The city of Manchester has a fast-growing population and is one of the UK’s most important commercial, retail and entertainment destinations. Regardless of how residents and visitors move around the city, almost everyone will walk or wheel as part of their journey. With aims to achieve a 70% increase in the number of trips into the city centre by active modes by 2040, targeted and transformational improvements to the city centre walking network will be required to create a more liveable and sustainable city.
Arup was commissioned by Manchester City Council (MCC) to undertake a review of the city centre walking network and develop a prioritised schedule of small-scale interventions to improve the environment for walking. The proposed interventions will seek to improve aspects such as walking connections between key attractions, street clutter, crossings and junctions, and help to ensure the areas are safe and attractive both during the day and at night.

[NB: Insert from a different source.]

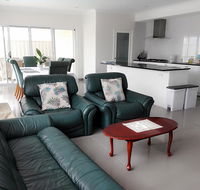 Alkimos Beach Retreat - Accommodation Port Macquarie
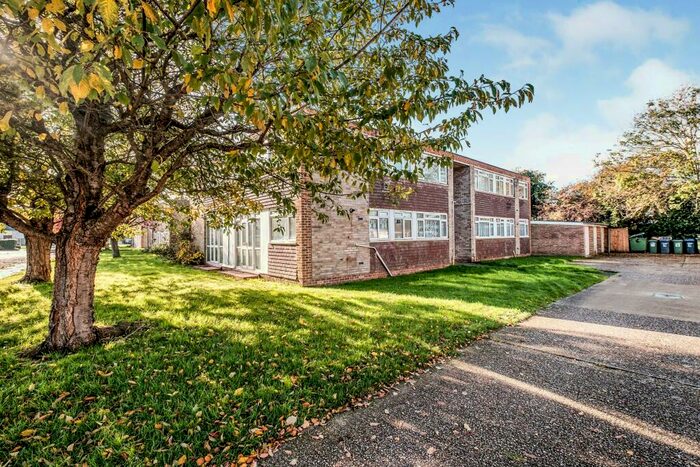 1 Bedroom Flat To Rent In Radnor Road, Worthing, BN13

Using our uMove toolkit, which relies on open source data, we were able to review a large study area in a few short days and prioritise improvements based on key journey metrics and walkability analysis. Stakeholder engagement was central to the study, helping to make sure that there is both local and wider stakeholder buy-in to the proposals coming forward.
Project Summary
100s of kilometres of streets analysed for walk quality
30,000buildings analysed to estimate footfall demand
70%increase in walking and cycling trips into the city centre by 2040 targeted
Analysing city walkability
The study area for the project covers the entire city centre of Manchester. On a tight programme, MCC needed a fast and efficient method to understand the locations that improvements would provide the most impact. To do this, all of the streets within the city centre needed to be assessed in an efficient and consistent way. Arup’s new urban modelling toolkit, uMove, offered a unique and robust method to do this.
Using data to better understand pedestrian mobility
uMove is our new, digital and data-driven toolkit developed to better understand pedestrian mobility and travel demand in cities and public realm around the world. We believe in a human-centric approach that can truly recognise the needs and experience of everyday lives and uMove can examine key mobility and land-use metrics to understand this, such as urban vitality, productivity, wellbeing and equality.
Our toolkit uses rich spatial data to answer the key questions that influence our planning decisions: Why do people travel? When do they travel? Where do they go to? How do they travel? The toolkit generates quick and flexible analysis without the need for detailed data collection. In a few short days, uMove enabled our team to analyse and prioritise hundreds of kilometres streets – demonstrating its ability to provide a rapid approach to surveying.
An evidence-driven approach
Another benefit of using uMove was the evidence-base it provided for the project outcomes. A person’s experience of a street is shaped by their own personal needs and abilities – Do they feel confident crossing a road? Do they have any accessibility needs? What is their gender? How old are they? – Applying the uMove toolkit took subjectivity out of the analysis and provided the consistent and objective assessment our client was looking for.
Enabling more people to walk will support ambitions to reduce the amount of traffic in the city, providing air and noise quality improvements and making the city centre a safer environment for people to move around in. These environmental benefits will benefit specific groups in particular such as children and older people, making the city centre a more equitable and inclusive space.
uMove: providing ongoing value
The project team has established a scalable methodology for MCC that can be repeated in future for small neighbourhoods or at a city scale. The uMove analysis is able to provide MCC with an ongoing pipeline of priority locations for enhancement as and when funding for projects arise. The prioritisation is automated so can be quickly updated when significant changes and developments arise as the city evolves.